Last month, Indiana Injury Blog detailed many of the potential dangers and harms that come with texting and driving. To summarize, Indiana is one of 39 states to ban texting while driving.Statistics are revealing some facts about texting and driving safety, which are somewhat surprising and counter-intuitive. Mary Allen, Director of the Indiana Criminal Justice Institute has recommended police raise their vigilance this summer as a result of the prevalence of driving while texting since her institute released their alarming study. Their study analyzed driving habits and accident rates and concluded that drivers who text are twenty-three percent more likely to be involved in an accident. In addition, their findings uncovered that adults are actually more likely than teens to be texting behind the wheel. But despite a lower rate, teens tend to suffer more as their driving experience requires the utmost attention, and 16 year-olds happen to have the highest accident rate of any age driver.
Drivers must beware of a false sense of safety while driving.

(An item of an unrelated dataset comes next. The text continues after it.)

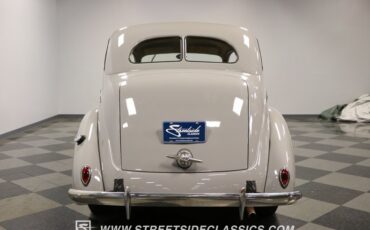 Unknown-Tudor-1938-Gray-Tan-25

A recent study conducted through A&M University revealed that voice-to-text technology actually provides no less distraction than standard texting methods. The study involved drivers on a track distraction-free, then creating texts using voice-to-text devices, then typing texts. The reaction time nearly doubled in both texting scenarios, regardless of methodology. Researchers described that when using voice-to-text software the participants needed to proofread more carefully and browse through their text to correct unforeseen errors.
Texters behind the wheel lead to an obvious danger to other drivers and expose themselves to legal liability but, unlike ever before, at-home texters may find themselves in court for their irresponsible distractions.
Soon, the New Jersey Appeals Court will be hearing an initially dismissed claim filed against a texter who was not physically behind the wheels of the accident-causing vehicle. New Jersey, like Indiana, also prohibits texting while driving. So when a texting teen driver hit a couple riding a motorcycle, most expected liability to end at the driver. The couple was severely hurt in the accident, both losing a leg. The drivers were able to settle with the teen’s insurance for $500,000, but costs still remained. This is when the lawyers for the plaintiffs developed a new methodology to attack the epidemic of texting – sue the “remote” texter for “aiding and abetting”, provided she knew her texts were being read and responded to by a driving recipient.
In this case, the texters had exchanged upwards of sixty text messages leading up to the accident. In the opening oral arguments for the plaintiffs, it was argued that the texter knew she was distracting a driver and knew of the dangers of distracted driving. Attorneys for the defense denied any evidence of such knowledge and denied that the texter had insisted on and intended for the driver read her texts while he was driving.